The Jet engine uses the job-local serializer to serialize the objects as they travel through the pipeline (over distributed DAG edges) and get saved to snapshots.
Job-level serializers can also be used with sources and sinks that use in-memory data structures. You can read from/write to a local
Observable
, IList
, IMap
or ICache
. We are working on adding the
ability to read from an IMap
using a user-defined predicate and
projections, update an IMap
, and read from EventJournal
.
Register a Serializer with the Hazelcast cluster
You can register a serializer with the Hazelcast cluster, before starting it.
For that you need a SerializerHook
:
class PersonSerializerHook implements SerializerHook<Person> {
@Override
public Class<Person> getSerializationType() {
return Person.class;
}
@Override
public Serializer createSerializer() {
return new PersonSerializer();
}
@Override
public boolean isOverwritable() {
return true;
}
}
Hazelcast uses the Java service discovery mechanism to find your
serializer hook. You should create a JAR with the serializer hook and
its dependent classes, and the JAR should have a file
META-INF/services/com.hazelcast.SerializerHook
with the
fully-qualified name of the serializer hook class:
com.hazelcast.samples.jet.PersonSerializerHook
Alternatively, you can add the following configuration to
hazelcast.yaml
:
hazelcast:
serialization:
serializers:
serializer:
"type-class": "com.hazelcast.samples.jet.Person"
"class-name": "com.hazelcast.samples.jet.PersonSerializer"
Put the JAR containing the serializer hook and related classes in the
$HZ_HOME/lib
directory. Make sure that each registered serializer
has a unique type ID.
The advantage of a cluster-level serializer is that it is supported in all Hazelcast features.
3rd-Party Serialization Support
Google Protocol Buffers
Since the classes generated by Google Protocol Buffers (Protobuf)
already implement java.io.Serializable
, Hazelcast automatically
supports them without a custom serializer. However, for best performance
we encourage registering a Protobuf-specific serializer. There is a Jet
extension module that simplifies this for Protobuf version 3.

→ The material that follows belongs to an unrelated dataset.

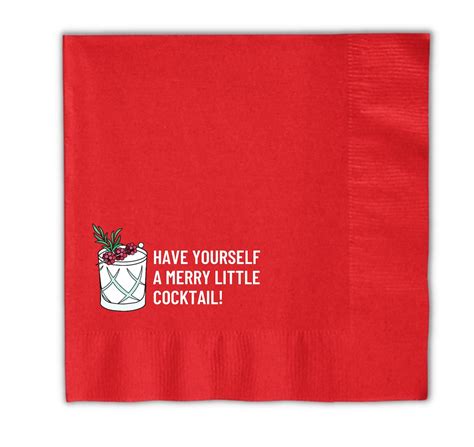 Christmas Cocktail Napkins Christmas Party Festive Af Funny Christmas Party Holiday Party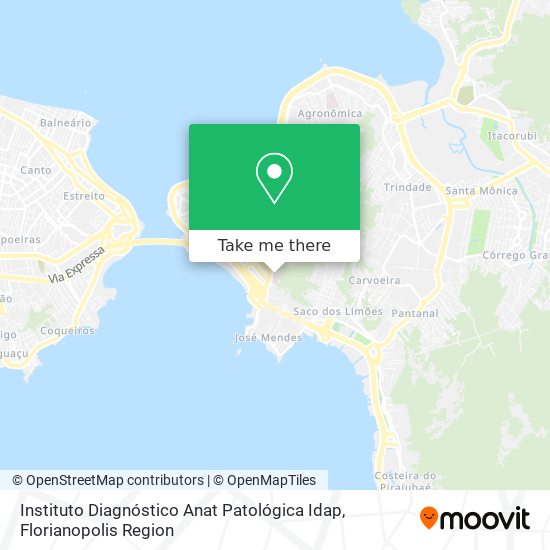 Instituto Diagnóstico Anat Patológica Idap map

If you want to use it locally within a job, add the extension as a dependency to your job’s project:
compile "com.hazelcast.jet:hazelcast-jet-protobuf:5.5.2"
<dependency>
<groupId>com.hazelcast.jet</groupId>
<artifactId>hazelcast-jet-protobuf</artifactId>
<version>5.5.2</version>
</dependency>
Implement the adapter by extending the provided class (where Person
is of any Protobuf GeneratedMessageV3
type):
class PersonSerializer extends ProtobufSerializer<Person> {
private static final int TYPE_ID = 1;
PersonSerializer() {
super(Person.class, TYPE_ID);
}
}
Then register it with the job:
new JobConfig()
.registerSerializer(Person.class, PersonSerializer.class)
Also make sure that the Protobuf extension JAR is either on the cluster’s classpath or inlined into your job JAR by creating a fat JAR.
You can also install the serializer in the Hazelcast cluster by implementing and registering a serialization hook, as explained above.